学术文献库

Synchronization is a fundamental procedure in cellular systems whereby an UE acquires the time and frequency information required to decode the data transmitted by a BS. Due to the necessity of using large antenna arrays to obtain the beamforming gain required to compensate for small antenna aperture, synchronization must be performed either jointly with beam training as in 5G NR, or at the low SNR regime if the high-dimensional mmWave MIMO channel is to be estimated. To circumvent this problem, this work proposes the first synchronization framework for mmWave MIMO that is robust to both TO, CFO, and PN synchronization errors and, unlike prior work, implicitly considers the use of multiple RF chains at both transmitter and receiver.
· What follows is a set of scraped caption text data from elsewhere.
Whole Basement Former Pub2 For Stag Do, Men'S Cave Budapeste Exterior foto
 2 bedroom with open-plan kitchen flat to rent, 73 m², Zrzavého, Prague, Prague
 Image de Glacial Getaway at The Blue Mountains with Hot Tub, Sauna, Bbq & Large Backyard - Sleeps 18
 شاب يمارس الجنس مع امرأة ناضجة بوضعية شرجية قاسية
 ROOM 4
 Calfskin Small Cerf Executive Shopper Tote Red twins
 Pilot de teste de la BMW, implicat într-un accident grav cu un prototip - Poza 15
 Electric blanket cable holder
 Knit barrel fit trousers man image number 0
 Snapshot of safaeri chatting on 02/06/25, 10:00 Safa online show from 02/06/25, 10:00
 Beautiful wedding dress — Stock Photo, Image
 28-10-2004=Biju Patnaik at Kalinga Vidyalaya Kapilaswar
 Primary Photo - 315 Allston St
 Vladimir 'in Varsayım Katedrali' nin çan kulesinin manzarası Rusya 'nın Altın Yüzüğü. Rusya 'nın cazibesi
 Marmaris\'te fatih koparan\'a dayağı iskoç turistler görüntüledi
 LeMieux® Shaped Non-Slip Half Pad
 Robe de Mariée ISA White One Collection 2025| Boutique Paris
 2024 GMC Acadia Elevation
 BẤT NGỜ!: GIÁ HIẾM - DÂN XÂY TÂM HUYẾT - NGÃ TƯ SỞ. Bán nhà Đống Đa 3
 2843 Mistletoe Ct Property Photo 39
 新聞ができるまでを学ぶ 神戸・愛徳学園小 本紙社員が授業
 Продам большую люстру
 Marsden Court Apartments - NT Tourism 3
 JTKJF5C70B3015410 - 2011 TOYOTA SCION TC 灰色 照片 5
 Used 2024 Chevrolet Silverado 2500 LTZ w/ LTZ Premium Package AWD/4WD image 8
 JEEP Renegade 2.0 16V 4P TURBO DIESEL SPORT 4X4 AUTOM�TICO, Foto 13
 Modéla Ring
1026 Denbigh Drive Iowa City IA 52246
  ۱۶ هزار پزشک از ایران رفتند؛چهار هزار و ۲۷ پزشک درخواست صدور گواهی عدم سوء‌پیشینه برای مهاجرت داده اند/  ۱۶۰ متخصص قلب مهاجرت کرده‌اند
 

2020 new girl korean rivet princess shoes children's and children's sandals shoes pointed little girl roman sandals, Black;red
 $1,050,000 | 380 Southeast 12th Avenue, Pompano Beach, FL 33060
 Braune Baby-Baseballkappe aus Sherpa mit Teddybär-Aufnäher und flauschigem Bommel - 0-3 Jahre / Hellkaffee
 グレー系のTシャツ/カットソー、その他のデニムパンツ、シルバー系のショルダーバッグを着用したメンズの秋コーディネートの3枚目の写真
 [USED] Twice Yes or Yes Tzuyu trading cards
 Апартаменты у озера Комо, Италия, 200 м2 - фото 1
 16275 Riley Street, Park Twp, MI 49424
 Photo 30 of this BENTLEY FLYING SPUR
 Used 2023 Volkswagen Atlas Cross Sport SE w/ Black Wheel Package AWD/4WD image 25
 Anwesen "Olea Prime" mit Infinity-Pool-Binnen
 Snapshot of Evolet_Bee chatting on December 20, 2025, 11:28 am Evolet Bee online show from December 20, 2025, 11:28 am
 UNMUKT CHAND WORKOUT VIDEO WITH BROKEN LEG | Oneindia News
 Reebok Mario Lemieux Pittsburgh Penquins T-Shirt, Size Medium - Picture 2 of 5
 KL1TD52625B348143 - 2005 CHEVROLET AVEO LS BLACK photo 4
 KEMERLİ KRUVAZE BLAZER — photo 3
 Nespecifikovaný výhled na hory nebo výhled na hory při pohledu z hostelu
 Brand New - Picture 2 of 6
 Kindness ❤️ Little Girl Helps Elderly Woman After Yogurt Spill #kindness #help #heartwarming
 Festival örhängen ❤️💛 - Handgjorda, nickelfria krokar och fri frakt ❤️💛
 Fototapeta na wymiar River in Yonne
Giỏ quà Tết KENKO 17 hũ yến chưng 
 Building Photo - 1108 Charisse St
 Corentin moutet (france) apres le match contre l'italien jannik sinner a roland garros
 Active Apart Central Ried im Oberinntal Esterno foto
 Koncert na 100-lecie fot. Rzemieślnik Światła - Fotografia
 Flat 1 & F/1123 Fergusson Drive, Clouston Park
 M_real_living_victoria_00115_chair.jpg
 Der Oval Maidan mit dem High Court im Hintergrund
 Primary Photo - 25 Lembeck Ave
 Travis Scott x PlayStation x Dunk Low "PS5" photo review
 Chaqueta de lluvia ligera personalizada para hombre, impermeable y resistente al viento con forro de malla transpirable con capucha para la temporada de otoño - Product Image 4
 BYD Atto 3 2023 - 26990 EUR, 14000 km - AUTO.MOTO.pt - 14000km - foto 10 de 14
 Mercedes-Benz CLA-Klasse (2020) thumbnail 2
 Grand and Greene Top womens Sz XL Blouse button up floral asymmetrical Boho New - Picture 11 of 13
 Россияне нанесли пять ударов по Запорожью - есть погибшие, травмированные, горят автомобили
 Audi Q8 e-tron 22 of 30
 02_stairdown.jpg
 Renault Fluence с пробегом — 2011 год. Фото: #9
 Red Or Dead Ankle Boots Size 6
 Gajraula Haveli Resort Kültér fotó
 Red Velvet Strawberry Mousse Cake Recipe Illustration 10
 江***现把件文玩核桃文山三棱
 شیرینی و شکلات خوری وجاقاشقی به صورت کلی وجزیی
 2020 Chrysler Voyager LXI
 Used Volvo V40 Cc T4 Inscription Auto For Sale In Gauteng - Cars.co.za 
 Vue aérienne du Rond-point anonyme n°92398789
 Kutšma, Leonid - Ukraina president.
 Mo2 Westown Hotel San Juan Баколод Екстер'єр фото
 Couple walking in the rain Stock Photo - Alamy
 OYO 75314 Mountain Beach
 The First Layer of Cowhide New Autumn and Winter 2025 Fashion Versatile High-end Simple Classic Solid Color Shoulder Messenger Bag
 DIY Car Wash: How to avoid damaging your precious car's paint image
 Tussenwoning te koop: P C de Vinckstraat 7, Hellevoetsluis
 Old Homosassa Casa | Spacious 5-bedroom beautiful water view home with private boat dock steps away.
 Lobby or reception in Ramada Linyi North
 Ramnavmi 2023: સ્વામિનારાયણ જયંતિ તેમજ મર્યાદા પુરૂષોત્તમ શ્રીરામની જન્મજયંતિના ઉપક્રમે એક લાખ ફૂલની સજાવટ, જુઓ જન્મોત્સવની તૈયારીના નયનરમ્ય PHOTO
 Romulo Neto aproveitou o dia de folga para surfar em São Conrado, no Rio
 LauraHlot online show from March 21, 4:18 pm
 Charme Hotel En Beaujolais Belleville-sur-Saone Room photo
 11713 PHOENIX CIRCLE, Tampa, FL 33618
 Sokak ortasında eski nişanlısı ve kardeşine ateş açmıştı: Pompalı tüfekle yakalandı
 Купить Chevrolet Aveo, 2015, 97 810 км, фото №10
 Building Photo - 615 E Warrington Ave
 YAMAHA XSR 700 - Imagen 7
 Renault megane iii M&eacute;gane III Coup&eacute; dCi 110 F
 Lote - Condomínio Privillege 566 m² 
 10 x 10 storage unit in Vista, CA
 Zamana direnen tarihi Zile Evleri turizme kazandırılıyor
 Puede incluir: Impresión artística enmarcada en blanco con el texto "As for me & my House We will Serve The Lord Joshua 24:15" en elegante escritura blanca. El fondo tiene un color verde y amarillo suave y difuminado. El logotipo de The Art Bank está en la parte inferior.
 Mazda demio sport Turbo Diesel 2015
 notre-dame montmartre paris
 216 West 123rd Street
I provide a theoretical analysis of the estimation problem and derive the HCRLB for the estimation of both the CFO, PN, and equivalent beamformed channels seen by the different receive RF chains. I also propose two novel algorithms to estimate the different unknown parameters, which rely on approximating the MMSE estimator for the PN and the ML estimators for both the CFO and the equivalent beamformed channels. Thereafter, I propose to use the estimates for the equivalent beamformed channels to perform compressive estimation of the high-dimensional frequency-selective mmWave MIMO channel and thus undergo data transmission. For performance evaluation, I consider the QuaDRiGa channel simulator, which implements the 5G NR channel model, and show that both compressive channel estimation without prior synchronization is possible, and the proposed approaches outperform current solutions for joint beam training and synchronization currently considered in 5G NR.